The donkey stood panting loudly and brayed harshly at us. Mick picked up the end of the rope but it was jerked from his hand again. The donkey bounded with a strange bucking run back up the field, its heavy breath labouring. It turned and watched us. We never did catch it that day.
When we returned the next day the rope was gone from around the donkey’s neck. We didn’t know who had taken it off and we couldn’t find it anywhere in the field. The donkey was almost friendly and we horsed around him for a while.
‘We gotta ride that critter,’ Mick drawled now and then, while Barry galloped in circles with a brisk trotting motion.
I had an idea. I went back to the house and around to the disused stables where I remembered seeing an old bridle. It had a well-gnashed bit and broken halter. I brought it back to the field. My kid brother saw me and followed. We ignored him.
I twirled the old bridle in my hand. Mick and Barry looked at me speculatively. I approached the donkey.
‘Yer not supposed to touch the dunk-key,’ the kid chirped. I threw him a glare.
The donkey swung its long doleful head at me and sniffed gently against my shirt. I brought my right hand up and began to rub him behind his ears, just as I did to the cat inside when I wanted to make it purr. But the donkey stiffened instead. Undeterred I brought the bridle up and let it down gently over its ears. The bit bounced off the donkey’s nose. Its mouth opened, its neck stretched, and it came forward and clamped its teeth on my shoulder.
I yelled and tried to pull back. But the donkey’s hoof was on my foot and I was trapped. I yelled and yelled and Mick and Barry flapped at the donkey’s face. It suddenly let go, reared up on its rear legs, and I was free. The donkey bounced away, neighing and tossing its head to get rid of the bridle, and disappeared towards the far end of the field. I sat on the grass nursing my shoulder.
‘You all right, pard?’ Mick drawled, while Barry looked on anxiously. The kid brother trotted up and looked down at my eyes.
‘You were told not to go near the dunk-key,’ he said triumphantly. He stared down at my eyes. He was dying to see me cry.
The evening wind was beginning to ruffle the grass on the barrows. We heard the maid’s shrill voice calling our names. I got to my feet. Mick and Barry crowded around. I pulled my shirt back. One of my shoulders was red. I rubbed it.
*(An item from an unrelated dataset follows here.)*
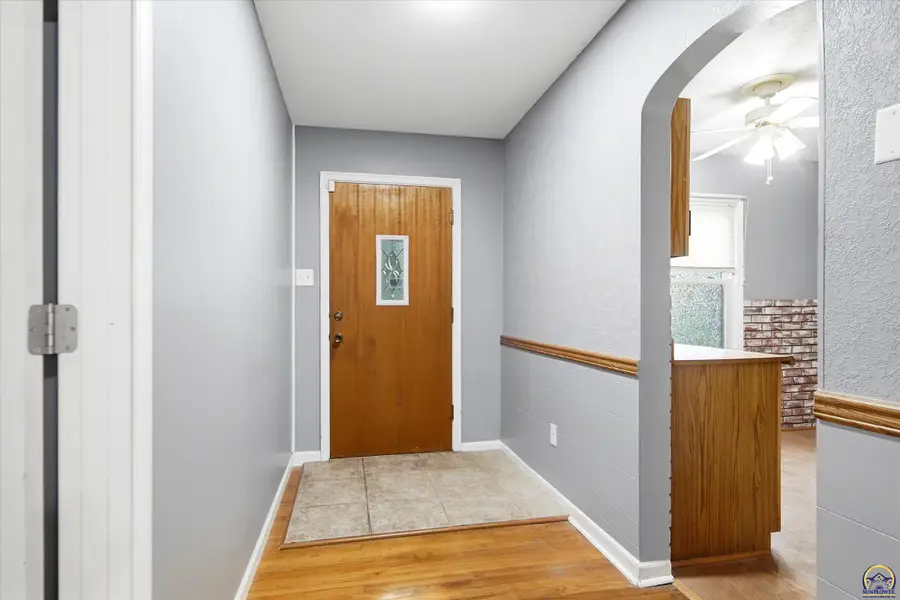1024 NE Chester Ave, Topeka, KS 66616 - #2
‘You ok, pardner?’ Mick drawled quietly.
‘It’s only a flesh wound,’ I said. I swaggered off, keeping my face away from them, and settled my shirt, stuffing the ends into the top of my shorts and closing the top buttons to make sure the redness would be fully hidden at the tea-table.
The maid called again. Together myself, Barry and Mick shaded our eyes, pulling unseen Stetsons down over our foreheads. We looked to where the sun was settling on top of the far away hills and then the three of us swung our eyes thoughtfully down at the long shadows darkening the valley below the hill.
‘Time to saddle up, boys,’ we said, almost in unison.
Barry and John waved as they began running down the hill. The kid brother looked up at my face. He was still hoping to see me cry.
‘Time we lit out, kid. And keep yur lip buttoned when we rein in. Ok?’